Good evening. My name is Kate Saunders and I have been an English teacher here at Central since 1999. I have taught 14 different courses in the department, spent ten years teaching summer school, sponsored the yearbook for seven years, and planned 10 proms as senior class sponsor. In my career, I’ve worked with more than 2500 students, many of whom I am in still in contact with today. I’ve written hundreds of letters of rec, sometimes even for students who have long since graduated as they look to enter law school or find employment. Teaching is my passion, and I feel so lucky that I have had the opportunity to cultivate so many wonderful relationships with students.
I am here tonight to implore you not to make the irreversible decision of raising class sizes. As you know, scheduling begins in January and is completed in March. Should you choose to increase class sizes, even if another referendum passes in April, it will be too late to go back. Courses will already be determined and faculty who are let go will have moved on to other jobs in other districts. And what does that mean for students? A lot.

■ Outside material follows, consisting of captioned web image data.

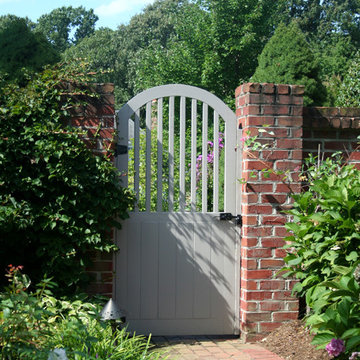 Painted Wood Garden Gate with Brick Wall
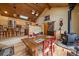 Comfortable dining room featuring hardwood floors and a cozy wood-burning stove at 3065 Piney Ridge Rd, Evergreen, CO 80439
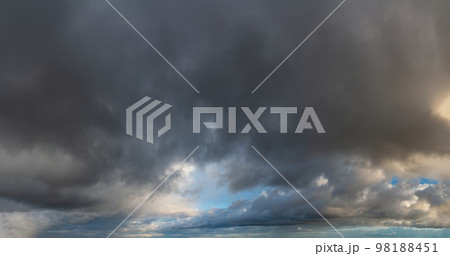 Fantastic thunderclouds at sunrise 98188451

We all know class size matters; even colleges boast about their teacher-student ratio. Studies show that for every person over 18 in a classroom, engagement decreases for students. Now, I have taught classes of 18 and I have taught classes of 30, and I make it work, but it is a much bigger challenge for all of us when there are 31 people in the room. A teacher’s ability to recognize misunderstanding is hindered when they have a fully packed classroom, and it takes much longer to get through material. This is true at all levels — AP and college prep.

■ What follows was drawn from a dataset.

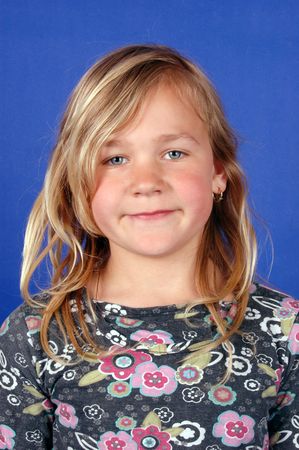 portrait of cute blond girl on blue background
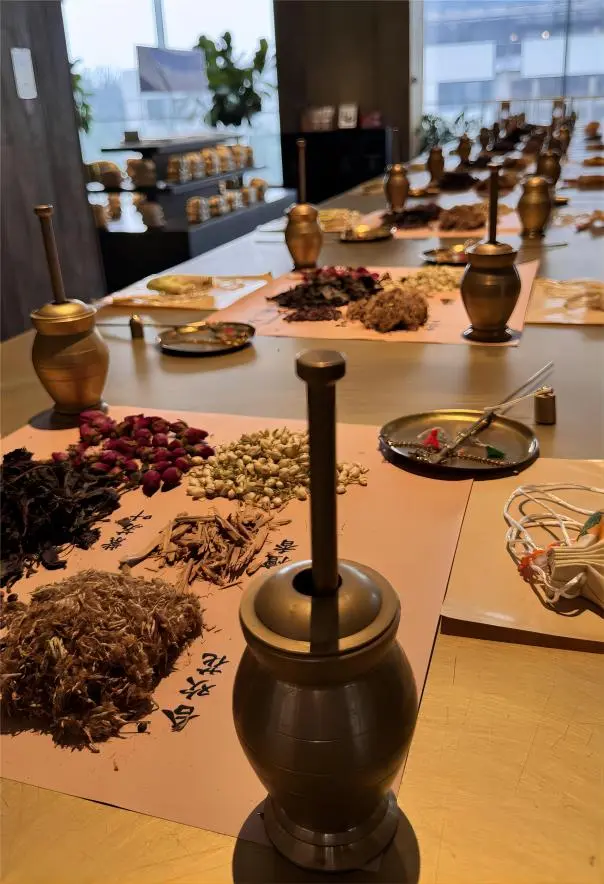 Practitioner preparing herbs using traditional methods at Tong Ren Tang Beijing, demonstrating centuries-old TCM techniques.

Three years ago, this district put Social Emotional Learning at the forefront of our mission. We spent a large chunk of last year identifying students without a go-to person in the building, recognizing the importance of students having an adult in the building that they can turn to for advice. Should you remove faculty members, you are decreasing these vital relationships for students, which for some students are their only meaningful adult relationships.
Class size increases will also mean fewer learning opportunities for students who want to pursue their passions. Classes such as Acting, Art, Dystopian Lit, Film Studies, Cooking, just to name a few, may be among those that disappear. There will also likely be fewer AP opportunities.
I recognize that as a result of the failed referendum the Board must make difficult decisions, but those decisions should not detract from the quality education students receive here at Hinsdale Central. Though ultimately I hope you will not choose to increase class size, I implore you not to make this decision tonight. Please explore all your options rather than taking away opportunities and relationships from students.